Reactive Computations (2006-2007)
A workshop by CITA and The Danish Design School
Inter-institutional workshop with students from the School of Architecture and The Danish Design School, Textile Department. The course introduced the idea of state-changing materials in architecture. With a point of departure in active alloys (Smart Memory Alloys) students were taught in programmed materials and integrated electronic circuits into architectural models.
The workshop invited a cross disciplinary group of students from Department 2 and Textiles at Danmarks Design School to explore the embedding of reactive ‘smart’ materials into the bespoke membranes developed in the Knitted Skins work-shop.
The workshop explored the embedding of reactive ‘smart’ materials into the bespoke membranes developed in the Knitted Skins workshop. We explored the use of memory alloys in textiles structures. Memory alloys and are materials that can change shape as electrical current is passed through them. The material has an inherent resistance and as electricity is passed through it heats up.

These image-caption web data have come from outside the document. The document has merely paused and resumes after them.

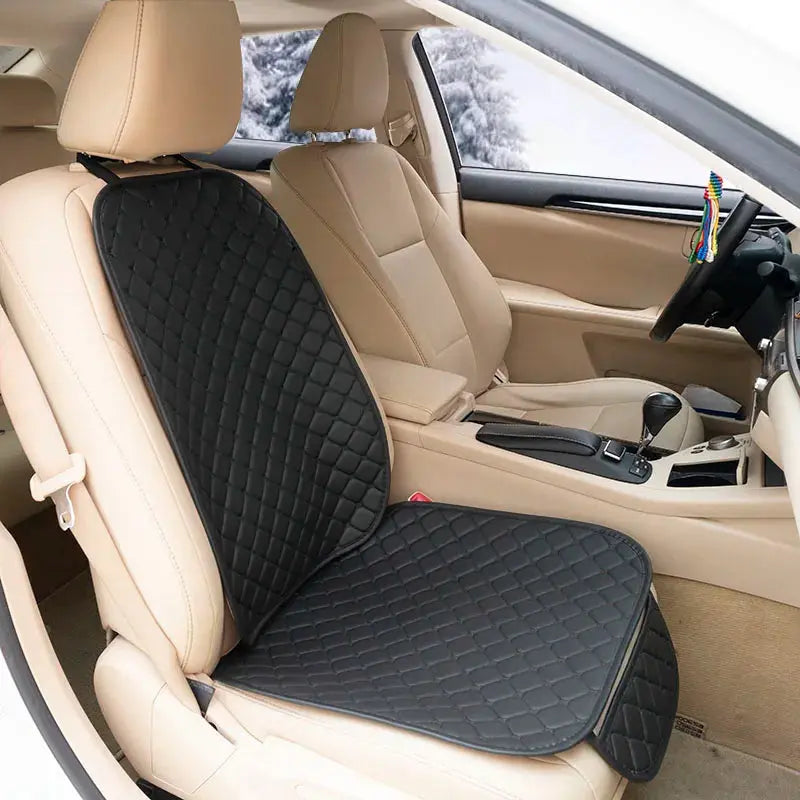 Black leather car seat covers by Jungle Line, suitable for front and rear seats, designed for four-season comfort and protection.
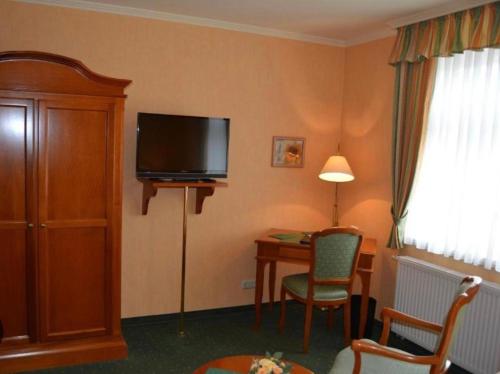 una camera d'albergo con scrivania e TV a schermo piatto di Pension Alter Kutschenbauer a Wernigerode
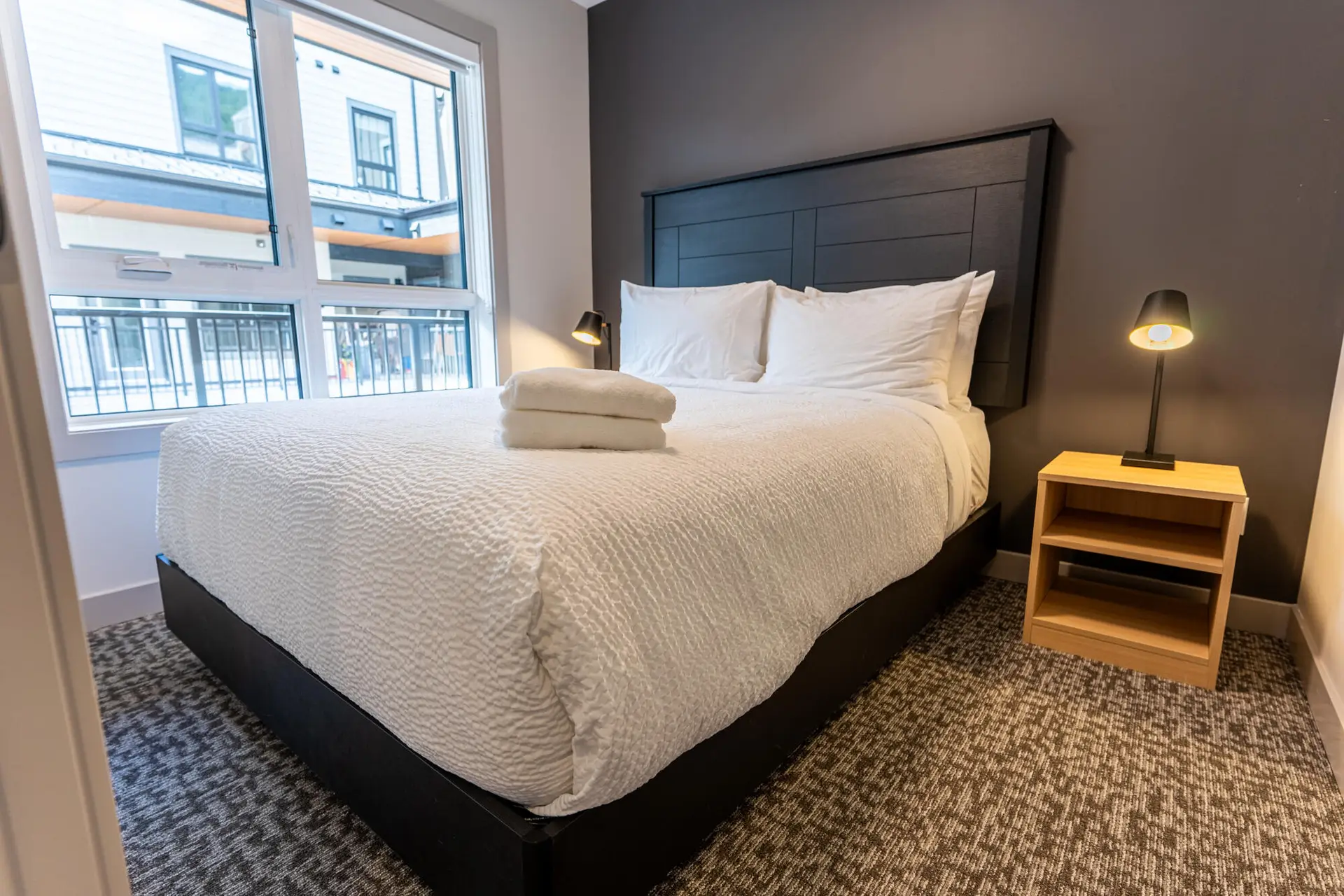 King-size bed with white linens in a hotel room at Basecamp Suites Revelstoke.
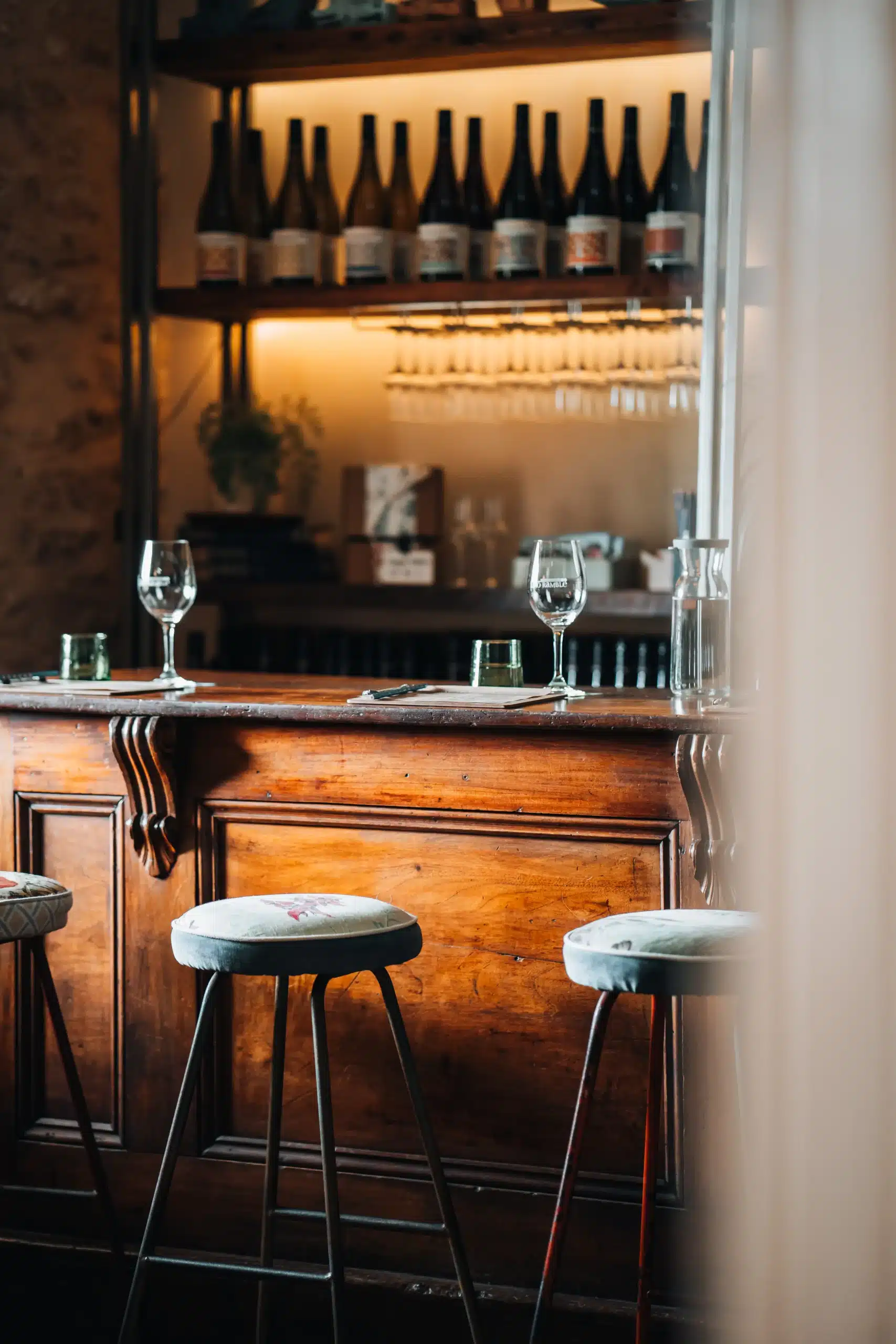 Timber cellar door bar with wine glasses, a water carafe and shelves of Lino Ramble bottles in the background.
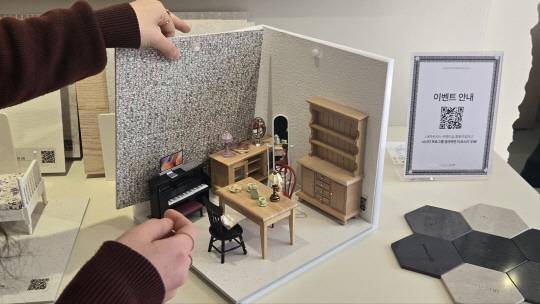 LX하우시스가 서울 북촌 위크앨리에 연출한 체험형 팝업 전시관 '트렌드십 2025'의 벽지와 바닥재 샘플이 진열된 전시관 2층 미니어처 체험 공간. 관람객이 16일 현장에서 직접 자재를 만지고 조합해보며 공간을 입히는 경험을 하고 있다.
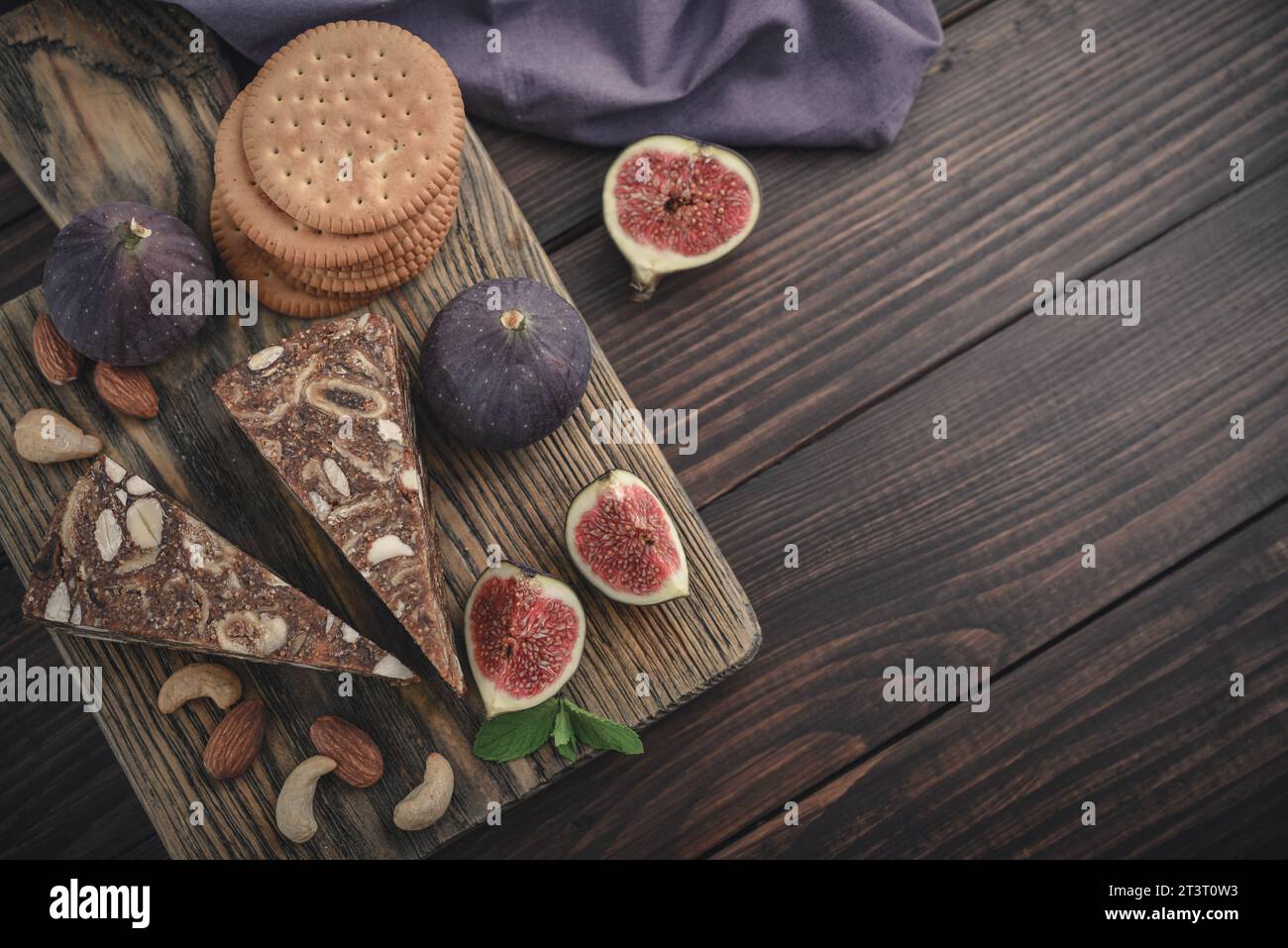 Pan de Higo: Spanisches Feigenbrot auf Holzschneidebrett mit frischen Feigen und Mandeln, Blick von oben Stockfoto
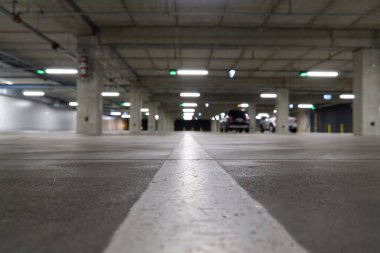 Yumuşak odaklı boş bir park yeri. Boş otopark maviye boyandı. Akşam alışveriş merkezindeki park yerinde.,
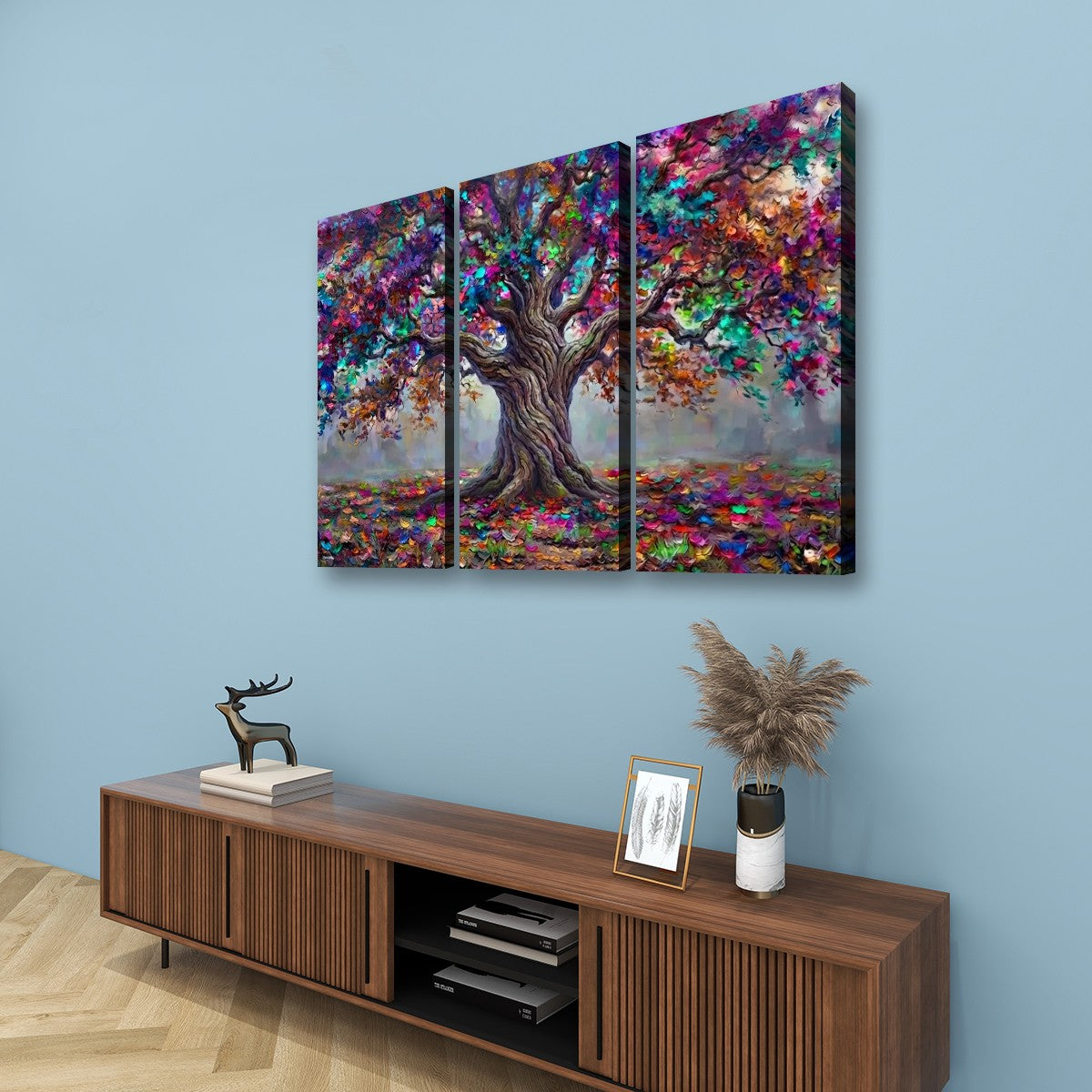 A three-panel canvas wall art set depicting a colorful, textured tree with vibrant autumn foliage, displayed on a light blue wall above a wooden console table.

In this heated state it can be stretched or pulled to a different form and cooled to a stable state. When the material is heated up again it ‘remembers’ (releases stored up energy) its first state and returns to it.
The workshop questions how an architectural membrane can hold its own potential for behaviour or movement. How do we design its movement scores, its choreography? How do we imagine its reactive natures? What happens when what we wear and what we live in becomes interfaced to its context?
Part of Workshop Series Robotic Membranes with students from Department 2, Royal School of Architecture
and the Textiles Department, Danmarks Design School.